My mums collection of recipes from various sources: friends, relatives, magazines, books and supermarket recipe cards. In some cases the source was recorded in others it had been lost to time. In the corners of pages were written notes, mushrooms may be left out, a bit stodgy if you leave it in too long, use honey if you lack brown sugar. These changes are passed on as the recipe changes.
Yet recipe books still sell, and there haven’t been lawsuits cracking down on recipe sharing, although whether this would still be the case if they were distributed over file share networks I don’t know. As an example of free flow of information recipes have been around for years and demonstrate that the process is workable and can still be profitable.

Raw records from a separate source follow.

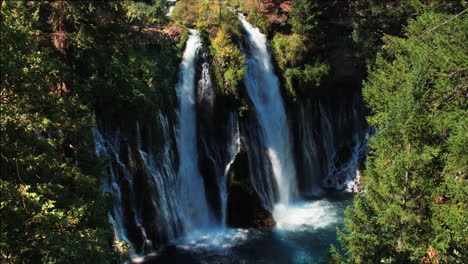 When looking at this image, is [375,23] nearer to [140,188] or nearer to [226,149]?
[226,149]

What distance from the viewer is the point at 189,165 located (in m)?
17.8

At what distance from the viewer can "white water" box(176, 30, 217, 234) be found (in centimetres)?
1733

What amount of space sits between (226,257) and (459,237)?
9446 mm

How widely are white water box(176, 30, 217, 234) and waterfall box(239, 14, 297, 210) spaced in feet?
12.6

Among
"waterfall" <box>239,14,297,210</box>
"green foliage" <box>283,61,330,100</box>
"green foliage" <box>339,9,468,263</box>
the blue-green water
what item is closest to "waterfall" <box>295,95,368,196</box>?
"green foliage" <box>283,61,330,100</box>

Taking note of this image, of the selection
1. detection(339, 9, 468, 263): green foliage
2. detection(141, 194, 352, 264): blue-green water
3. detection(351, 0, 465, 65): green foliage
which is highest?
detection(351, 0, 465, 65): green foliage

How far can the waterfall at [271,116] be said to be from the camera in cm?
2061

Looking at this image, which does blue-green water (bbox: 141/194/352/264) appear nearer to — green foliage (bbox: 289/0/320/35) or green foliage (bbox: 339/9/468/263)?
green foliage (bbox: 339/9/468/263)

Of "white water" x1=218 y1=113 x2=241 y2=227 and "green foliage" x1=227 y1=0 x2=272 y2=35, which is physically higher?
"green foliage" x1=227 y1=0 x2=272 y2=35

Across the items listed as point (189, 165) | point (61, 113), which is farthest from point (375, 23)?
point (61, 113)

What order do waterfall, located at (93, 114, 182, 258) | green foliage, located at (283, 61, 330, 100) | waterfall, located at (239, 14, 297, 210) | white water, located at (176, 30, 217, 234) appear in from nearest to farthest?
waterfall, located at (93, 114, 182, 258)
white water, located at (176, 30, 217, 234)
waterfall, located at (239, 14, 297, 210)
green foliage, located at (283, 61, 330, 100)

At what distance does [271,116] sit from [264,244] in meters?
8.21

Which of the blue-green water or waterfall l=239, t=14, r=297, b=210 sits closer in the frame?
the blue-green water

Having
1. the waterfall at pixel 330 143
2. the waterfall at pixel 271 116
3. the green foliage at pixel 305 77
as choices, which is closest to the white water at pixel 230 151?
the waterfall at pixel 271 116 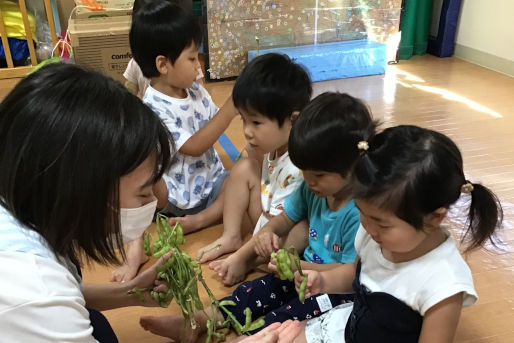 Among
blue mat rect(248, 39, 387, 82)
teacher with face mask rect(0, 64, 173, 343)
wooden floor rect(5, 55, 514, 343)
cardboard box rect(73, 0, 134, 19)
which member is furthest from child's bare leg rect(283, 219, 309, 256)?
cardboard box rect(73, 0, 134, 19)

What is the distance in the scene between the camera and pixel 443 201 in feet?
2.73

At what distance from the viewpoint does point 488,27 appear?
318 centimetres

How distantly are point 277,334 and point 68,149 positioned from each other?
0.54 meters

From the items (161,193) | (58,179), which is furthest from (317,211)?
(58,179)

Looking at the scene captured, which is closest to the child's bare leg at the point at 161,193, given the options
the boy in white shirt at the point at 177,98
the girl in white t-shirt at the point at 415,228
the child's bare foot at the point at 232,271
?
the boy in white shirt at the point at 177,98

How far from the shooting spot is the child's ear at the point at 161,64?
64.6 inches

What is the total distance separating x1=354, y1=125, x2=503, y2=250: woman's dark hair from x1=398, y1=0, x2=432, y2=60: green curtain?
286cm

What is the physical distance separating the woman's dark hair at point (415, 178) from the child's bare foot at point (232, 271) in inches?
26.1

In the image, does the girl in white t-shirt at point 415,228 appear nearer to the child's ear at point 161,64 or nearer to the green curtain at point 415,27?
the child's ear at point 161,64

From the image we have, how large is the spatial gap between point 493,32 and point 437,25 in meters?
0.49

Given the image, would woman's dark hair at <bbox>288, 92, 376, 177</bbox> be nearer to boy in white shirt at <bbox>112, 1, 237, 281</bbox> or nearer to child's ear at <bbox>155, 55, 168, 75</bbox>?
boy in white shirt at <bbox>112, 1, 237, 281</bbox>

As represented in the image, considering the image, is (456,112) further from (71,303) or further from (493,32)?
(71,303)

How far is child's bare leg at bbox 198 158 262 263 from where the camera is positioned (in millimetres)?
1588

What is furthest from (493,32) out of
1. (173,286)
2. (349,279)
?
(173,286) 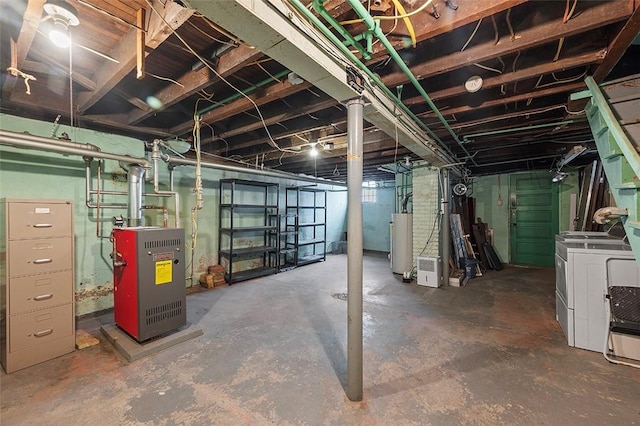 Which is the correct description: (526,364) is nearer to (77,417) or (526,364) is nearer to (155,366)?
(155,366)

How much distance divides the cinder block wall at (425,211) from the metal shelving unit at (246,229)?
114 inches

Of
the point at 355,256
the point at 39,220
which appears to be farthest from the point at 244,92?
the point at 39,220

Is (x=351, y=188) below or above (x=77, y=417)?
above

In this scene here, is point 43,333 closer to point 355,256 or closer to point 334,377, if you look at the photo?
point 334,377

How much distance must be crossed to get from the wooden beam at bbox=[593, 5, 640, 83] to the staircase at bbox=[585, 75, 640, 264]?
0.17m

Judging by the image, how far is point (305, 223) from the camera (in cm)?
723

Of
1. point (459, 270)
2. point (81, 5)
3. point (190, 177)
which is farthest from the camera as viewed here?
point (459, 270)

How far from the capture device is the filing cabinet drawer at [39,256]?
2117 millimetres

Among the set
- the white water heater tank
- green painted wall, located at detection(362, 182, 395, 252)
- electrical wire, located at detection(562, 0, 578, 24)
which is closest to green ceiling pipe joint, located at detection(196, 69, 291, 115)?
electrical wire, located at detection(562, 0, 578, 24)

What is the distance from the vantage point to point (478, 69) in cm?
213

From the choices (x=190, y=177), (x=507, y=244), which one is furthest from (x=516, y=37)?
(x=507, y=244)

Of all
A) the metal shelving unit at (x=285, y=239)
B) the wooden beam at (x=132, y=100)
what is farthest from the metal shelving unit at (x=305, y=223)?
the wooden beam at (x=132, y=100)

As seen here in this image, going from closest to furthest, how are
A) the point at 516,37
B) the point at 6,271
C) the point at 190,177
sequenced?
the point at 516,37 < the point at 6,271 < the point at 190,177

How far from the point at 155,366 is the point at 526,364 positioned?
3.18m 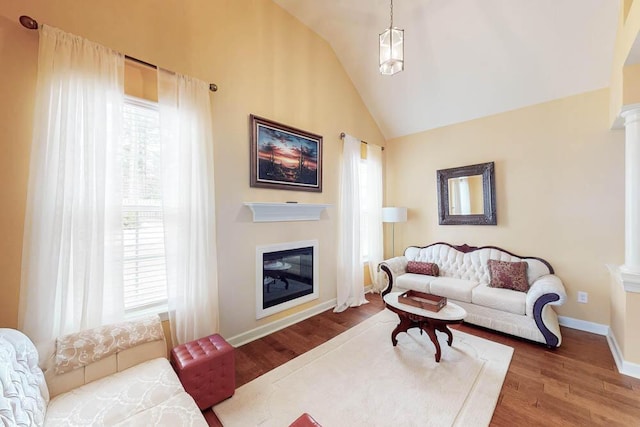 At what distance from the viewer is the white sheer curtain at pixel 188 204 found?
221cm

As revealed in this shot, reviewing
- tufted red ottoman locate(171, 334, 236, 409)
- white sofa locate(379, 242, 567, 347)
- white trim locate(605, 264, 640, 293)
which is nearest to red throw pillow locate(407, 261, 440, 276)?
white sofa locate(379, 242, 567, 347)

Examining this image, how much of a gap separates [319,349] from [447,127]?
408 cm

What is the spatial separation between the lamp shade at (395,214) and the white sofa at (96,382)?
12.1 ft

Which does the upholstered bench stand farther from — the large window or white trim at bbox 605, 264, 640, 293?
the large window

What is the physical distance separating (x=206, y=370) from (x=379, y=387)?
141 centimetres

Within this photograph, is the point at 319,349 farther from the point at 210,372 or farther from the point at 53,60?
the point at 53,60

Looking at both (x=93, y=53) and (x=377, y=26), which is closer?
(x=93, y=53)

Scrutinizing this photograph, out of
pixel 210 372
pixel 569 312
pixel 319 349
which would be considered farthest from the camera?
pixel 569 312

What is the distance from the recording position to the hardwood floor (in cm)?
178

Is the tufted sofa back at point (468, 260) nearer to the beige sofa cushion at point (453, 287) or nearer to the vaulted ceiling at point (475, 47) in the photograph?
the beige sofa cushion at point (453, 287)

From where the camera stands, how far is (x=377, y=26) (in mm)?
3381

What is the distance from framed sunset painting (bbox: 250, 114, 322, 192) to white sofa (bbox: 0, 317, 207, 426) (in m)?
1.86

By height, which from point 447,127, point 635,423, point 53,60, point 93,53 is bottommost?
point 635,423

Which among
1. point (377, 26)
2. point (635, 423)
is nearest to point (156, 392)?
point (635, 423) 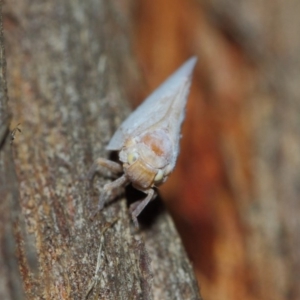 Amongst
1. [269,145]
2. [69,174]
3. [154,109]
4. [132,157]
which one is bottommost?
[69,174]

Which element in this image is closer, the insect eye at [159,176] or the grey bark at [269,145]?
the insect eye at [159,176]

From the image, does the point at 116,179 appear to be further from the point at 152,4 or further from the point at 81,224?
the point at 152,4

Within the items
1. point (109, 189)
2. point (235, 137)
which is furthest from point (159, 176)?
point (235, 137)

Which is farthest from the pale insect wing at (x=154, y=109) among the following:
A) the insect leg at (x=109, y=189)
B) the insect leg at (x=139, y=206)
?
the insect leg at (x=139, y=206)

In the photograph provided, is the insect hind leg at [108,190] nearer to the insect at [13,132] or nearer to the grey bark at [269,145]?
the insect at [13,132]

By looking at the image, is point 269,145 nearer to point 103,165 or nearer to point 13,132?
point 103,165

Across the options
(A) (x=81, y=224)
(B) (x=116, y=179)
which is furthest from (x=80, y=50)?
(A) (x=81, y=224)

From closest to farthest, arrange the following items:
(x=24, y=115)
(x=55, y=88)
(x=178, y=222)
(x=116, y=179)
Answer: (x=116, y=179) < (x=24, y=115) < (x=55, y=88) < (x=178, y=222)
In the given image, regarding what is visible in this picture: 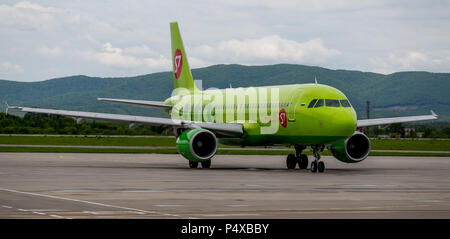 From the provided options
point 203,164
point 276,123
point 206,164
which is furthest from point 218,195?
point 203,164

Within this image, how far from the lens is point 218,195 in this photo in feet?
62.9

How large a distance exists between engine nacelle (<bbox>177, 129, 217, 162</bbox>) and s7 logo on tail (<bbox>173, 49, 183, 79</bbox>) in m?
11.2

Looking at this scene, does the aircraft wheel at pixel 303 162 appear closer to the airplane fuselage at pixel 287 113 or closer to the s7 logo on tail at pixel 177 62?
the airplane fuselage at pixel 287 113


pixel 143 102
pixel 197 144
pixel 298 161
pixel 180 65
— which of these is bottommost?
pixel 298 161

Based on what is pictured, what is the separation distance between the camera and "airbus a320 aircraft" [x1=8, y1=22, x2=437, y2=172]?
3028 centimetres

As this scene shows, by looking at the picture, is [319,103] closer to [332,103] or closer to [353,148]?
[332,103]

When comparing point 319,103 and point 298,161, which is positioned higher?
point 319,103

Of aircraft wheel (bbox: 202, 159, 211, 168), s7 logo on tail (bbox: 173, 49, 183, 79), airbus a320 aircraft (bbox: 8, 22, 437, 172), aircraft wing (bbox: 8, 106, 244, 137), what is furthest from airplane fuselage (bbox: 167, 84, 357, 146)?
s7 logo on tail (bbox: 173, 49, 183, 79)

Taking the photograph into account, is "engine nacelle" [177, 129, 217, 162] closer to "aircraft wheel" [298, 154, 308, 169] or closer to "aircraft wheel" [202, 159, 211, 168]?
"aircraft wheel" [202, 159, 211, 168]

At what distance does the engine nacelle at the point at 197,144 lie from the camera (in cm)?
3222

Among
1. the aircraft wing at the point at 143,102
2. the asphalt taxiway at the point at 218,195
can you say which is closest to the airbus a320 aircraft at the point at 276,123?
the aircraft wing at the point at 143,102

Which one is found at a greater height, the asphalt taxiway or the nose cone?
the nose cone

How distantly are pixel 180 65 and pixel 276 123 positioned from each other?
42.1 ft
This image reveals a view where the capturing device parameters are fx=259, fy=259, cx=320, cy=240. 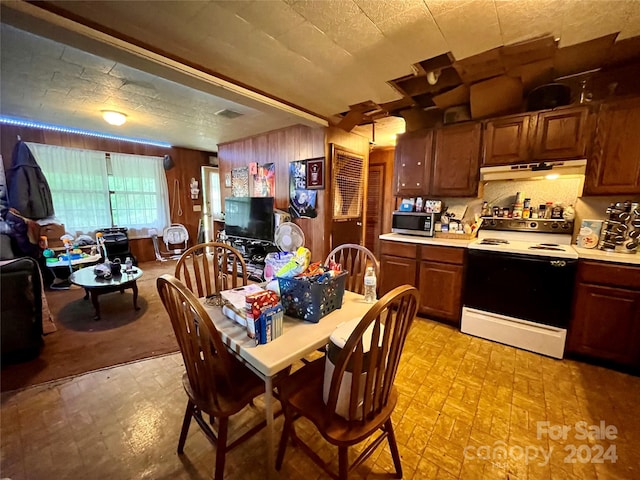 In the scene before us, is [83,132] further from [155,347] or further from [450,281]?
[450,281]

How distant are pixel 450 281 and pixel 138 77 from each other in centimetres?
355

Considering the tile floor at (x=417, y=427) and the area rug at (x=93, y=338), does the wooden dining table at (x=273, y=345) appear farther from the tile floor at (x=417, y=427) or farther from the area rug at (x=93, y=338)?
the area rug at (x=93, y=338)

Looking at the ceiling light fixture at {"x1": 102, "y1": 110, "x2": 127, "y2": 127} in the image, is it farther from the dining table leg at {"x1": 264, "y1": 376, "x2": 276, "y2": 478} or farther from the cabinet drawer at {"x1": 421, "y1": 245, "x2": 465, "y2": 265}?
the cabinet drawer at {"x1": 421, "y1": 245, "x2": 465, "y2": 265}

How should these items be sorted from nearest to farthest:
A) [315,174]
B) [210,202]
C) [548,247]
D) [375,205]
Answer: [548,247] < [315,174] < [375,205] < [210,202]

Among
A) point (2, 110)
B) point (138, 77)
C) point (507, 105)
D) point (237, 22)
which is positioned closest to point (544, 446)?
point (507, 105)

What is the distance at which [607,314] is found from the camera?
6.43 feet

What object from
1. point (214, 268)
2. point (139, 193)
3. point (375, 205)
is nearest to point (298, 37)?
point (214, 268)

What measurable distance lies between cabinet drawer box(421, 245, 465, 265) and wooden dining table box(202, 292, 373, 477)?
1664mm

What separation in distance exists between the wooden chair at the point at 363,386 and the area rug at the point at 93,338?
176 cm

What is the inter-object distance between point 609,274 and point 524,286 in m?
0.51

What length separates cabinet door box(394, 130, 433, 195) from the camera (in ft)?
9.62

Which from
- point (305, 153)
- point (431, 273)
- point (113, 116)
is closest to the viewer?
point (431, 273)

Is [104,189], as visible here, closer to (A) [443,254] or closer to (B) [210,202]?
(B) [210,202]

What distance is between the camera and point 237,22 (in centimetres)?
152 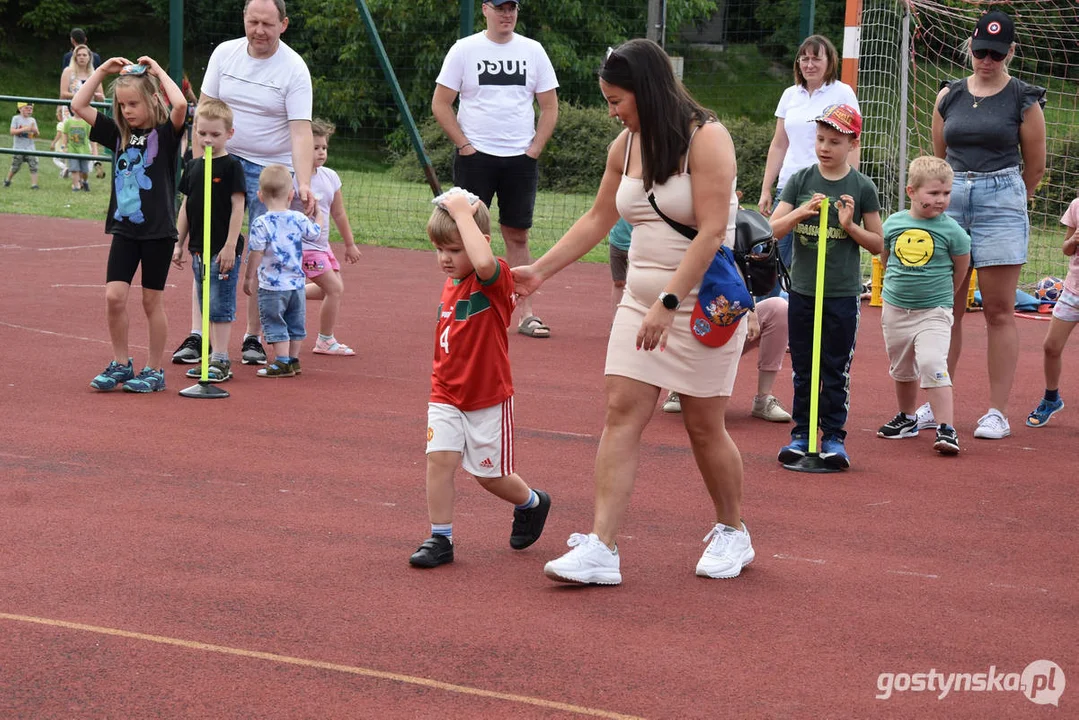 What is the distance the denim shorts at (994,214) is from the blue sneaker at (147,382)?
15.5 ft

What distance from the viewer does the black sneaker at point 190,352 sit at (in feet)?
29.2

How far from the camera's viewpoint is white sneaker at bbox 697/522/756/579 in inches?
196

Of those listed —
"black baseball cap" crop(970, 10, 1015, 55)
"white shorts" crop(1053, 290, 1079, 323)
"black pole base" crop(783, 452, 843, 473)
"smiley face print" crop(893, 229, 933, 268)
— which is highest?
"black baseball cap" crop(970, 10, 1015, 55)

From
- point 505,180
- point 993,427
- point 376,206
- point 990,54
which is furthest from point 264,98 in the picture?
point 376,206

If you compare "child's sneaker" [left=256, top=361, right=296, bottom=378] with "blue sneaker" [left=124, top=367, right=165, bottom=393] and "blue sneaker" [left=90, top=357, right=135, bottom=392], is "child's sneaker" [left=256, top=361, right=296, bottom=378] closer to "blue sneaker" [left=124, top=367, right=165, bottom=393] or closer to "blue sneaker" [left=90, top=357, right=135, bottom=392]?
"blue sneaker" [left=124, top=367, right=165, bottom=393]

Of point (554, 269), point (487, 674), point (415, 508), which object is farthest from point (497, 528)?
point (487, 674)

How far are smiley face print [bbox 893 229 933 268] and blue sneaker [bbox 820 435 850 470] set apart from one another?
1.13 meters

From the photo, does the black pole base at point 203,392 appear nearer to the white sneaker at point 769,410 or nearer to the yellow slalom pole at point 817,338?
the white sneaker at point 769,410

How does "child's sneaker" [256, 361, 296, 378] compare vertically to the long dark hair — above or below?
below

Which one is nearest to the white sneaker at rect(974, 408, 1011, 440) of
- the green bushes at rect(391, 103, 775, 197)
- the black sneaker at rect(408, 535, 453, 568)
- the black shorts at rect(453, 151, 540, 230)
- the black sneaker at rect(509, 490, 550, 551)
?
the black sneaker at rect(509, 490, 550, 551)

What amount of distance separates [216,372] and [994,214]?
4.68 metres

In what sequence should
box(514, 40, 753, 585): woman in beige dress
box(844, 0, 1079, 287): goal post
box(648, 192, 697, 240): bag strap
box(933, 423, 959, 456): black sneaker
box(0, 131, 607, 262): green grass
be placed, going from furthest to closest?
box(0, 131, 607, 262): green grass < box(844, 0, 1079, 287): goal post < box(933, 423, 959, 456): black sneaker < box(648, 192, 697, 240): bag strap < box(514, 40, 753, 585): woman in beige dress

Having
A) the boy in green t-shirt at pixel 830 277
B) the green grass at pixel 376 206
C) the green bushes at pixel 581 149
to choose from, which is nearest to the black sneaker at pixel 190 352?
the boy in green t-shirt at pixel 830 277

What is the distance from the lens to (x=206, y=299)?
8.25 meters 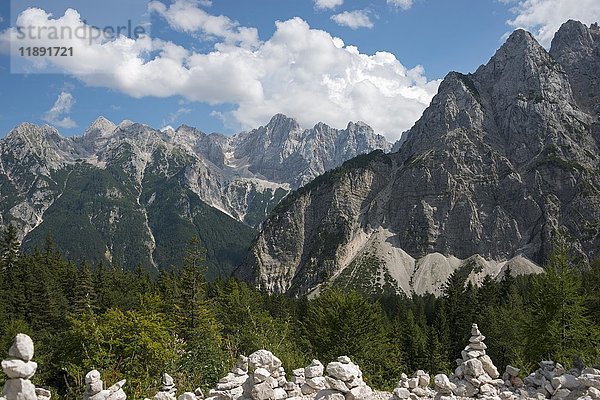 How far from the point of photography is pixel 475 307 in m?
69.9

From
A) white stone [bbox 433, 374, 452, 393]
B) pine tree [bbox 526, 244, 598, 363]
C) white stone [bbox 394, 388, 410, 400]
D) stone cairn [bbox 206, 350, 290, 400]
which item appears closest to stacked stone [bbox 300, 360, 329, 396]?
stone cairn [bbox 206, 350, 290, 400]

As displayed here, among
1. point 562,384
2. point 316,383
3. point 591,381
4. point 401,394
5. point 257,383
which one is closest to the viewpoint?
point 257,383

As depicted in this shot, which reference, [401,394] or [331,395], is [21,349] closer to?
[331,395]

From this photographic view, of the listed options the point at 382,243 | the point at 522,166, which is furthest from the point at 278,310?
the point at 522,166

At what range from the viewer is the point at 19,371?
735cm

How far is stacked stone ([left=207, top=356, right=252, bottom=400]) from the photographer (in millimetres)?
10441

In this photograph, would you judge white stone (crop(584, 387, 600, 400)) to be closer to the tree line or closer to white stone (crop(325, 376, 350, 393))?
white stone (crop(325, 376, 350, 393))

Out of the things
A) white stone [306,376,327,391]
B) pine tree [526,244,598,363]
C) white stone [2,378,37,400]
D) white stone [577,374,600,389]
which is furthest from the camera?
pine tree [526,244,598,363]

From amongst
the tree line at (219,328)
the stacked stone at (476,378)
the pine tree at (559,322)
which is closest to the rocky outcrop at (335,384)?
the stacked stone at (476,378)

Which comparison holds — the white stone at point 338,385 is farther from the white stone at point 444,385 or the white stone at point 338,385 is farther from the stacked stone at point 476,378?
the stacked stone at point 476,378

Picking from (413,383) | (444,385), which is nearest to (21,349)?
(444,385)

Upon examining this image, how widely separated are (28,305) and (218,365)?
140 ft

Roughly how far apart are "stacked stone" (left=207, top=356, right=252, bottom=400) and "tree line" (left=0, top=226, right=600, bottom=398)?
10.2ft

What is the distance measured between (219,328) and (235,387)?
33.6 m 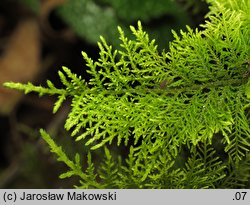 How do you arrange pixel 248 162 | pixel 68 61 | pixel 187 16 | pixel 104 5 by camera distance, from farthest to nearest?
pixel 68 61
pixel 104 5
pixel 187 16
pixel 248 162

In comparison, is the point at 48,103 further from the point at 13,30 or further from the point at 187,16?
the point at 187,16

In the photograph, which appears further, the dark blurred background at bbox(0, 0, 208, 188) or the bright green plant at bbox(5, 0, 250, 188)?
the dark blurred background at bbox(0, 0, 208, 188)

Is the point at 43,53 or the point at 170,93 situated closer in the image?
the point at 170,93

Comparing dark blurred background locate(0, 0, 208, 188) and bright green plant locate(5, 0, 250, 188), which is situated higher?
dark blurred background locate(0, 0, 208, 188)

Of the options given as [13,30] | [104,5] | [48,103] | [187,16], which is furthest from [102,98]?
[13,30]

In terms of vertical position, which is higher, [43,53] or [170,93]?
[43,53]

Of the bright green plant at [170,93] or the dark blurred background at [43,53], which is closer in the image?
the bright green plant at [170,93]

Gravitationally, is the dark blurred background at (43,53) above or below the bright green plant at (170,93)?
above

Yet undoubtedly the situation is different for film and music, both of which are far more static than recipes. You don’t find the same kind of variations a track with the guitar solo removed for instance, but when these changes do occur they annoy the original artist. Unlike a recipe where the method may be simplified in copying it down music sounds almost identical. So where does this difference in attitude actually lie, why don’t we treat music the same as recipes? Does the difference lie in the fact that music is a finish product whereas recipes are not; the finished product is the dish they instruct you to produce. Perhaps its a difference in ease, while you will probably only copy a single recipe from a book at a time, it is fairly easy to download an entire album. If I published the entirety of one of Jamie Oliver’s cookbooks here then it is unlikely that the publishers would sit idly by, indeed, I expect I’d get a complaint if I copied a recipe out word for word, easily identifiable. So perhaps it is just an issue of scale.
Either way, the distribution of recipes demonstrate that ‘copyleft’ attitudes are nothing new, but they also suggest that the system can work, and has interesting implications if we are able to shift our attitudes with regard to recipes to other media.